A comprehensive study of diverse techniques for enhanced physicochemical and structural properties of bio-calcium from hybrid catfish bone

Abstract

This research examined the impact of various comparative preparation methods on enhanced physicochemical, and structural properties of bio-calcium (BC) from hybrid catfish bone. Raw hybrid catfish bones (RB) were used to make bio-calcium in four steps. High-pressure water jet processing produced washed bone (WB), soaking the bone in an alkaline solution to remove proteins (PR), immersing it in ethanol to remove lipids (LR), then bleaching, and grinding it to make bio-calcium powder. The BC had greater lightness values (L*) (p < 0.05), and contained significant calcium, and phosphorus. The SDS-PAGE showed three significant protein bands with molecular weights of 250, 133, and 116 kDa. The crystalline structure of hydroxyapatite in BC was confirmed using X-ray diffraction (XRD), and Fourier transform infrared (FT-IR) spectroscopy.
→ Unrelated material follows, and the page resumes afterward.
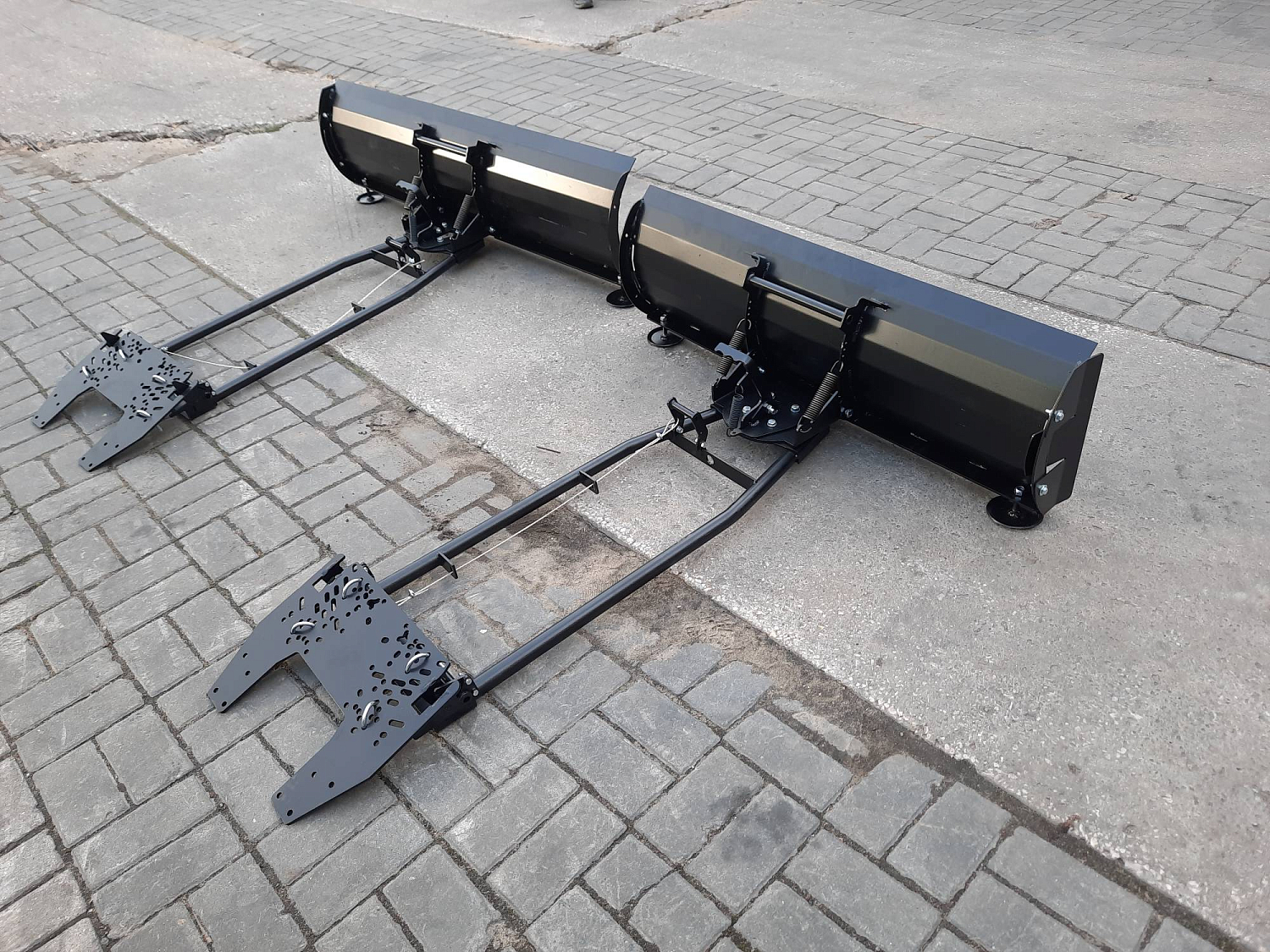 Купить снегоотвал отвал ковш для atv квадроцикла быстросъемный gorilla 120 по цене 17 500 р.. Низкие цены. Большой выбор. Доставка по всей России.  Интернет-магазин в Москве. Только положительные отзывы!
The percentage of crystallinity of BC had a notable rise, increasing from the RB to BC of 36.25%–45.32%. The BC powder exhibited a consistent distribution of particle sizes, ranging from 2 to 10 μm. Additionally, the analysis of elemental profiles, and mappings using scanning electron microscopy with energy-dispersive X-ray spectroscopy (SEM-EDS) revealed that BC exhibits a significant concentration of calcium, and phosphorus. BC showed superior %bioavailability of calcium (18.94%) in an in vitro simulated gastrointestinal system (GIMs) compared to RB (10.58%), and calcium carbonate (11.19%). Hence, the BC production process proved to be a viable method for acquiring premium-grade BC, which holds potential for further development as a calcium dietary supplement.